Home / Flume tutorial / Flume – Sink

Flume – Sink:

HDFS Sink:

HDFS sink is used to write events from channel into HDFS. The file format is text and sequence files. We can also use partition, bucketing, compression concepts of hive in it. Based on size of data or time or number of events the new files will be created automatically. Flume uses the Hadoop jars to communicate with the HDFS cluster.

a1.channels = c1

a1.sinks = k1

a1.sinks.k1.type = hdfs

a1.sinks.k1.channel = c1

a1.sinks.k1.hdfs.path = /flume/events/%y-%m-%d/%H%M/%S

a1.sinks.k1.hdfs.filePrefix = events-

a1.sinks.k1.hdfs.round = true

a1.sinks.k1.hdfs.roundValue = 10

a1.sinks.k1.hdfs.roundUnit = minute

Hive Sink:

This sink streams events containing delimited text or JSON data directly into a Hive table or partition. Events are written using Hive transactions. As soon as a set of events are committed to Hive, they become immediately visible to Hive queries. Partitions to which flume will stream to can either be pre-created or, optionally, Flume can create them if they are missing. Fields from incoming event data are mapped to corresponding columns in the Hive table.

Example Hive table :

create table student ( id int , name string )

       stored as orc;

Example for agent named a1:

a1.channels = c1

a1.channels.c1.type = memory

a1.sinks = k1

a1.sinks.k1.type = hive

a1.sinks.k1.channel = c1

a1.sinks.k1.hive.metastore = thrift://127.0.0.1:9083

a1.sinks.k1.hive.database = default

a1.sinks.k1.hive.table = student

a1.sinks.k1.useLocalTimeStamp = false

a1.sinks.k1.round = true

a1.sinks.k1.roundValue = 10

a1.sinks.k1.roundUnit = minute

a1.sinks.k1.serializer = DELIMITED

a1.sinks.k1.serializer.delimiter = "\t"

a1.sinks.k1.serializer.serdeSeparator = '\t'

a1.sinks.k1.serializer.fieldnames =id,name

Logger Sink:

It logs the event at information level, used for testing purpose.

a1.channels = c1

a1.sinks = k1

a1.sinks.k1.type = logger

a1.sinks.k1.channel = c1

File Roll Sink:

Used to store data on local filesystem.

a1.channels = c1

a1.sinks = k1

a1.sinks.k1.type = file_roll

a1.sinks.k1.channel = c1

a1.sinks.k1.sink.directory = /var/log/flume

Null Sink:

Discards all events it receives from the channel

a1.channels = c1

a1.sinks = k1

a1.sinks.k1.type = null

a1.sinks.k1.channel = c1

Hbase Sink:

This sink writes data to HBase. The Hbase configuration is picked up from the first hbase-site.xml encountered in the classpath. A class implementing HbaseEventSerializer which is specified by the configuration is used to convert the events into HBase puts and/or increments.

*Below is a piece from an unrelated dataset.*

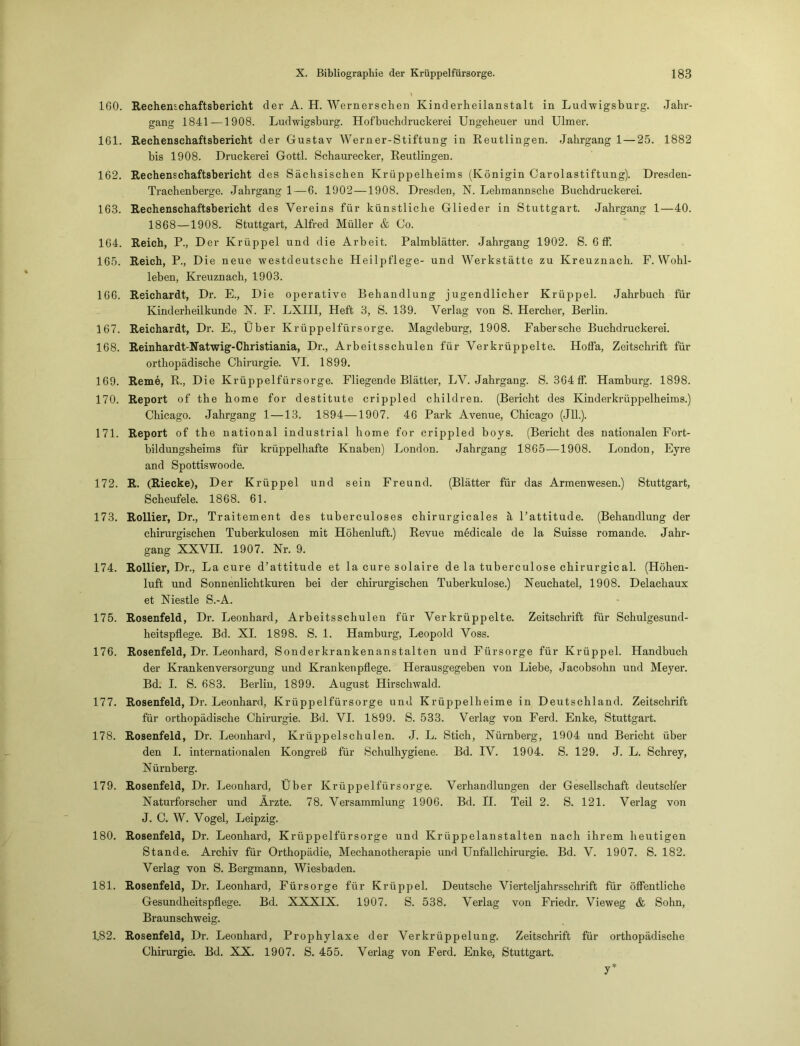 160. Rechenschaftsbericht der A. H. Wernerschen Kinderheilanstalt in Ludwigsburg. Jahr- gang 1841 — 1908. Ludwigsburg. Hofbuchdruckerei Ungeheuer und Ulmer. 161. Rechenschaftsbericht der Gustav Werner-Stiftung in Reutlingen. Jahrgang 1 — 25. 1882 bis 1908. Druckerei Gottl. Schaurecker, Reutlingen. 162. Rechenschaftsbericht des Sächsischen Krüppelheims (Königin Carolastiftung). Dresden- Trachenberge. Jahrgang 1—6. 1902 —1908. Dresden, N. Lebmannsche Buchdruckerei. 163. Rechenschaftsbericht des Vereins für künstliche Glieder in Stuttgart. Jahrgang 1—40. 1868—1908. Stuttgart, Alfred Müller & Co. 164. Reich, P., Der Krüppel und die Arbeit. Palmblätter. Jahrgang 1902. S. 6 ff. 165. Reich, P., Die neue westdeutsche Heilpflege- und Werkstätte zu Kreuznach. F. Wohl- leben, Kreuznach, 1903. 166. Reichardt, Dr. E., Die operative Behandlung jugendlicher Krüppel. Jahrbuch für Kinderheilkunde N. F. LXIH, Heft 3, S. 139. Verlag von S. Hercher, Berlin. 167. Reichardt, Dr. E., Über Krüppelfürsorge. Magdeburg, 1908. Fabersche Buchdruckerei. 168. Reinhardt-Natwig-Christiania, Dr., Arbeitsschulen für Verkrüppelte. Hoffa, Zeitschrift für orthopädische Chirurgie. VI. 1899. 169. Reme, R., Die Krüppelfürsorge. Fliegende Blätter, LV. Jahrgang. S. 364 ff. Hamburg. 1898. 170. Report of the home for destitute crippled children. (Bericht des Kinderkrüppelheims.) Chicago. Jahrgang 1 —13. 1894—1907. 46 Park Avenue, Chicago (Jll.). 171. Report of the national industrial home for crippled boys. (Bericht des nationalen Fort- bildungsheims für krüppelhafte Knaben) London. Jahrgang 1865—1908. London, Eyre and Spottiswoode. 172. R. (Riecke), Der Krüppel und sein Freund. (Blätter für das Armenwesen.) Stuttgart, Scheufeie. 1868. 61. 173. Rollier, Dr., Traitement des tuberculoses chirurgicales ä l’attitude. (Behandlung der chirurgischen Tuberkulosen mit Höhenluft.) Revue medical e de la Suisse romande. Jahr- gang XXVII. 1907. Nr. 9. 174. Rollier, Dr., La eure d’attitude et la eure solaire de la tuberculose Chirurgieal. (Höhen- luft und Sonnenlichtkuren bei der chirurgischen Tuberkulose.) Neuchatel, 1908. Delachaux et Niestle S.-A. 175. Rosenfeld, Dr. Leonhard, Arbeitsschulen für Verkrüppelte. Zeitschrift für Schulgesund- heitspflege. Bd. XI. 1898. S. 1. Hamburg, Leopold Voss. 176. Rosenfeld, Dr. Leonhard, Sonderkrankenanstalten und Fürsorge für Krüppel. Handbuch der Krankenversorgung und Krankenpflege. Herausgegeben von Liebe, Jacobsohn und Meyer. Bd. I. S. 683. Berlin, 1899. August Hirschwald. 177. Rosenfeld, Dr. Leonhard, Krüppelfürsorge und Krüppelheime in Deutschland. Zeitschrift für orthopädische Chirurgie. Bd. VI. 1899. S. 533. Verlag von Ferd. Enke, Stuttgart. 178. Rosenfeld, Dr. Leonhard, Krüppelschulen. J. L. Stich, Nürnberg, 1904 und Bericht über den I. internationalen Kongreß für Schulhygiene. Bd. IV. 1904. S. 129. J. L. Schrey, Nürnberg. 179. Rosenfeld, Dr. Leonhard, Über Krüppelfürsorge. Verhandlungen der Gesellschaft deutscher Naturforscher und Ärzte. 78. Versammlung 1906. Bd. II. Teil 2. S. 121. Verlag von J. C. W. Vogel, Leipzig. 180. Rosenfeld, Dr. Leonhard, Krüppelfürsorge und Krüppelanstalten nach ihrem heutigen Stande. Archiv für Orthopädie, Mechanotherapie und Unfallchirurgie. Bd. V. 1907. S. 182. Verlag von S. Bergmann, Wiesbaden. 181. Rosenfeld, Dr. Leonhard, Fürsorge für Krüppel. Deutsche Vierteljahrsschrift für öffentliche Gesundheitspflege. Bd. XXXIX. 1907. S. 538. Verlag von Friedr. Vieweg & Sohn, Braunschweig. 1.82. Rosenfeld, Dr. Leonhard, Prophylaxe der Verkrüppelung. Zeitschrift für orthopädische Chirurgie. Bd. XX. 1907. S. 455. Verlag von Ferd. Enke, Stuttgart. y*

The HBaseSink supports writing data to secure HBase. To write to secure HBase, the user the agent is running as must have write permissions to the table the sink is configured to write to.

a1.channels = c1

a1.sinks = k1

a1.sinks.k1.type = hbase

a1.sinks.k1.table = student

a1.sinks.k1.columnFamily = family1

a1.sinks.k1.serializer = org.apache.flume.sink.hbase.RegexHbaseEventSerializer

a1.sinks.k1.channel = c1

Other types of sinks are Kafka, Avro, Thrift, HTTP, ElasticSerach, etc.